* _Dataset records_:
_____

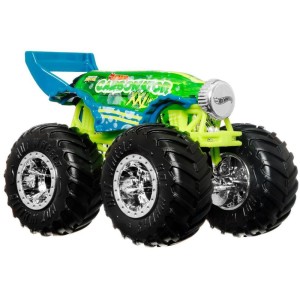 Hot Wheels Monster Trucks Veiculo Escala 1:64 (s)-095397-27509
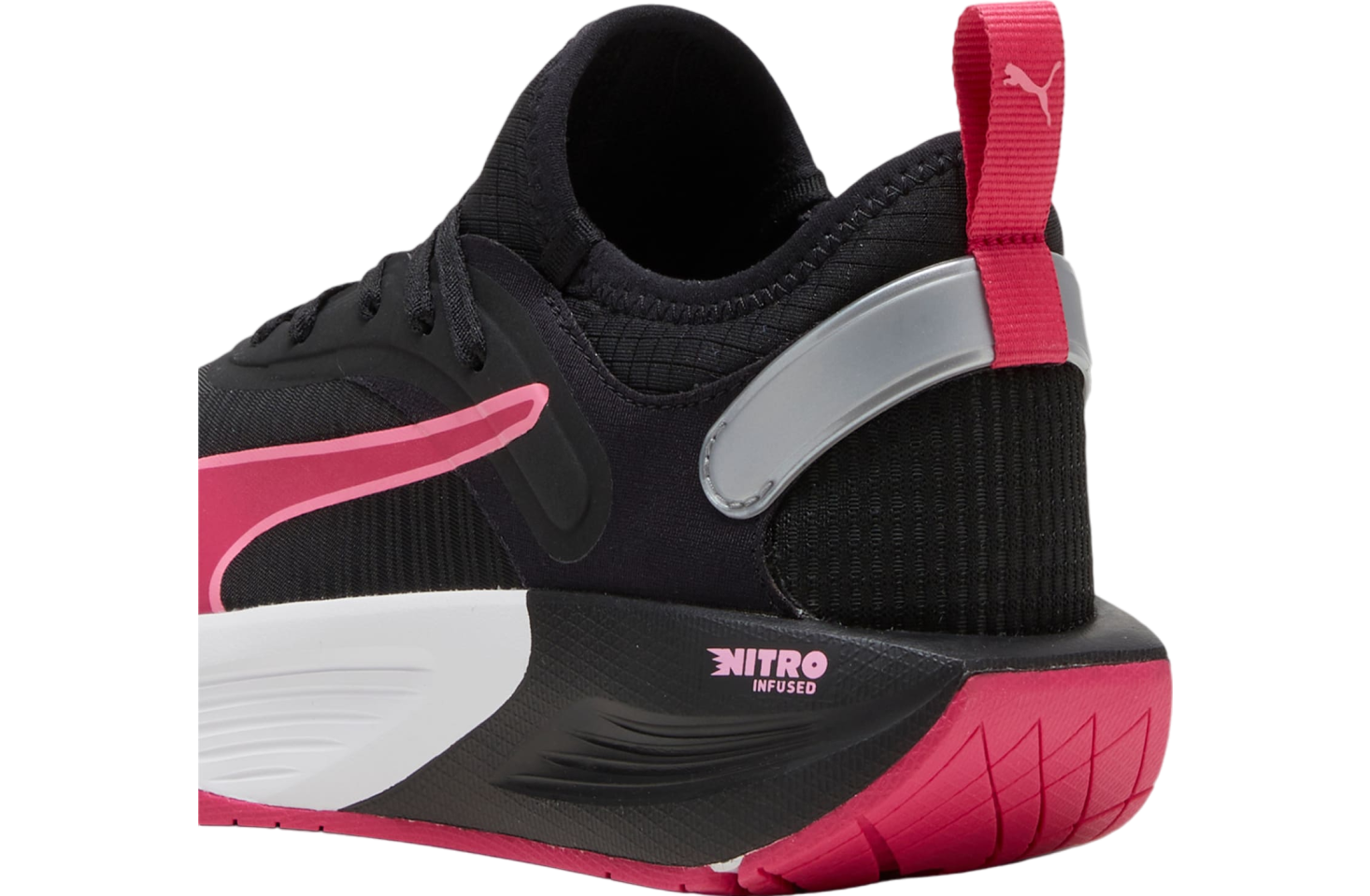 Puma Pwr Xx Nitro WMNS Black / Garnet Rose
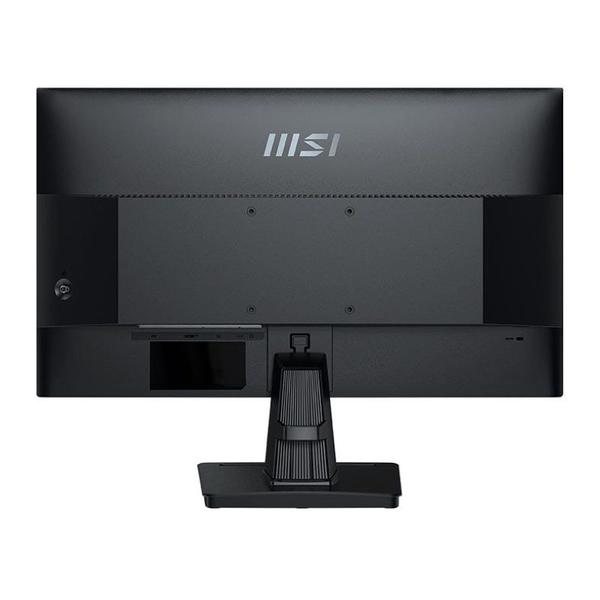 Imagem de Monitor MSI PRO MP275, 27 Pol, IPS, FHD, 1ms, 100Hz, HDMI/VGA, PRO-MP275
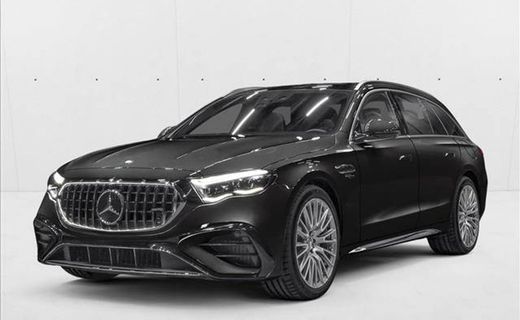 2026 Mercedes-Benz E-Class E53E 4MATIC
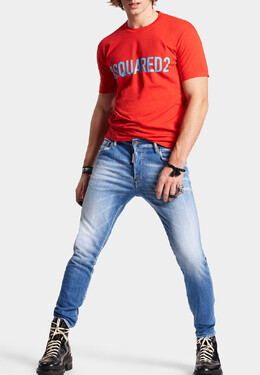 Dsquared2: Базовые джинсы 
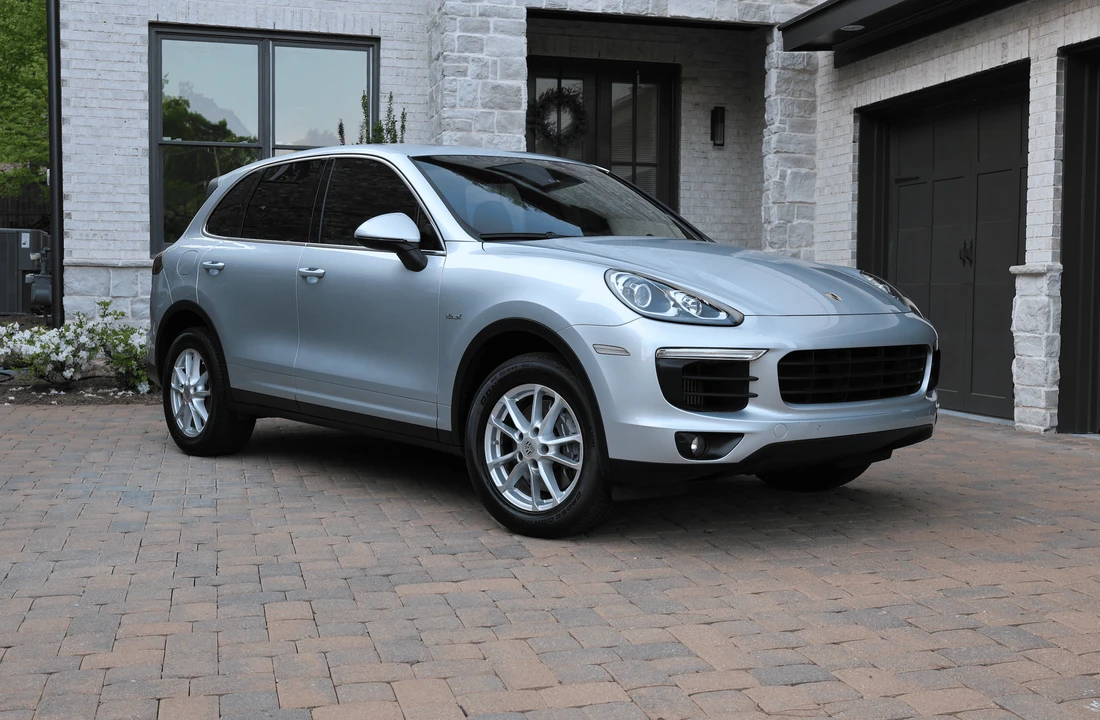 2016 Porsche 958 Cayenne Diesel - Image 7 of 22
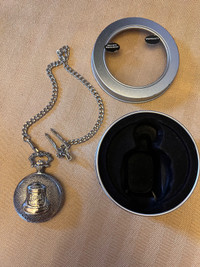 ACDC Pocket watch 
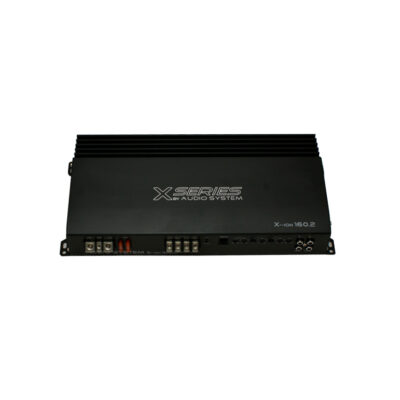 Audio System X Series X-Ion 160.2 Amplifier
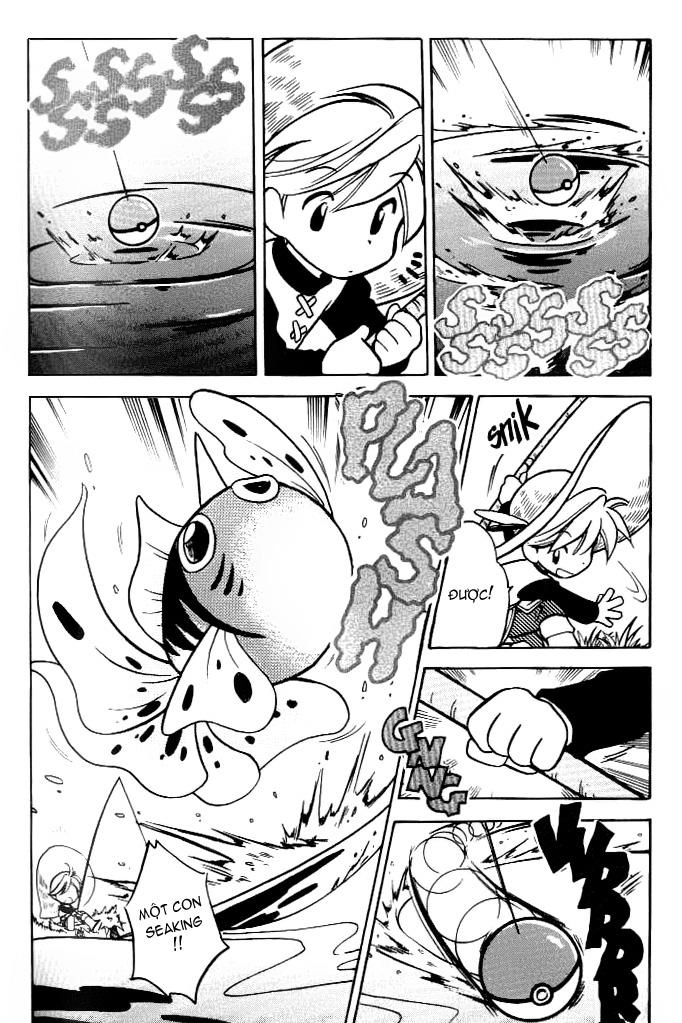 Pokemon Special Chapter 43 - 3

_____

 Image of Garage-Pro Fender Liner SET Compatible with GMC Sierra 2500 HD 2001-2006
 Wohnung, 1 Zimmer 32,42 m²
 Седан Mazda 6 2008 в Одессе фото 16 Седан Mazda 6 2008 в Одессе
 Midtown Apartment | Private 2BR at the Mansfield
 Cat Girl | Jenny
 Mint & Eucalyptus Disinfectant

_____

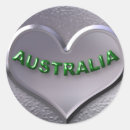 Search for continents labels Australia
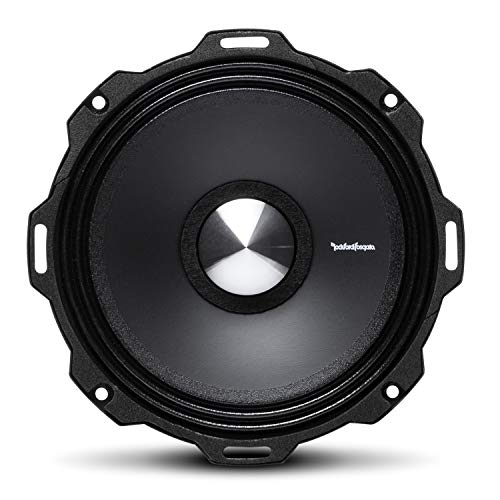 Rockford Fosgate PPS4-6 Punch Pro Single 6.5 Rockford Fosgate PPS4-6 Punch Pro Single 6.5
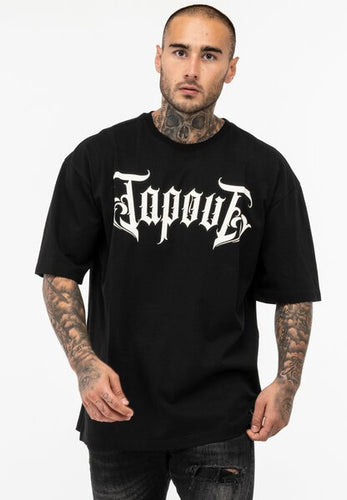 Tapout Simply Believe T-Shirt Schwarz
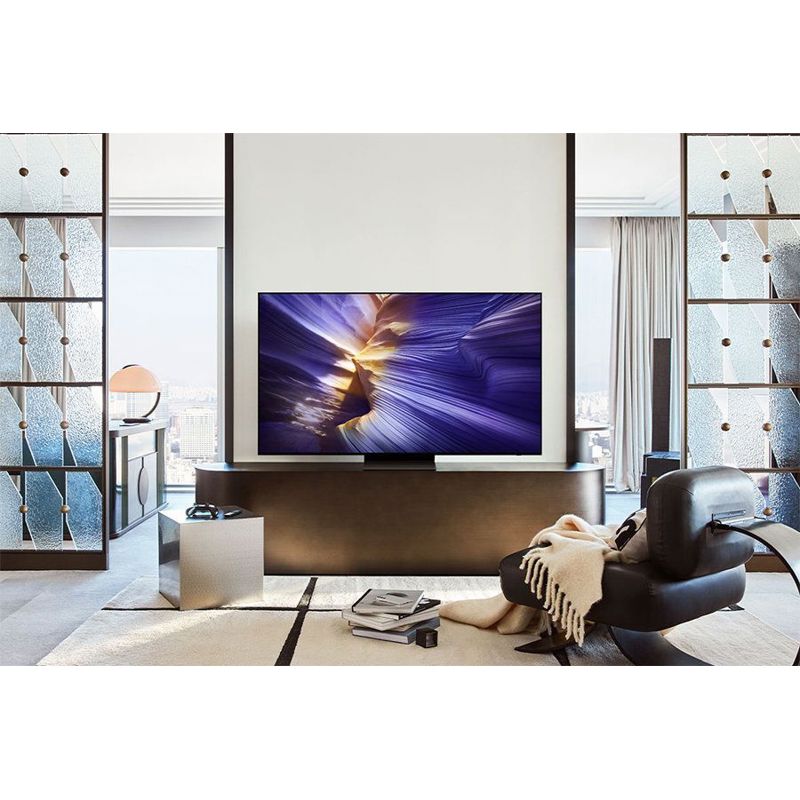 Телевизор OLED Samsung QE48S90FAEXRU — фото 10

_____

* _Exercise prompt_: In the listing above, find the line containing "Rockford Fosgate PPS4-6 Punch Pro Single 6.5 Rockford" and the line containing "Телевизор OLED Samsung", then write out both of them and every line between, exactly, with no pictures.

* _Your response_:
 Rockford Fosgate PPS4-6 Punch Pro Single 6.5 Rockford Fosgate PPS4-6 Punch Pro Single 6.5
 Tapout Simply Believe T-Shirt Schwarz
 Телевизор OLED Samsung QE48S90FAEXRU — фото 10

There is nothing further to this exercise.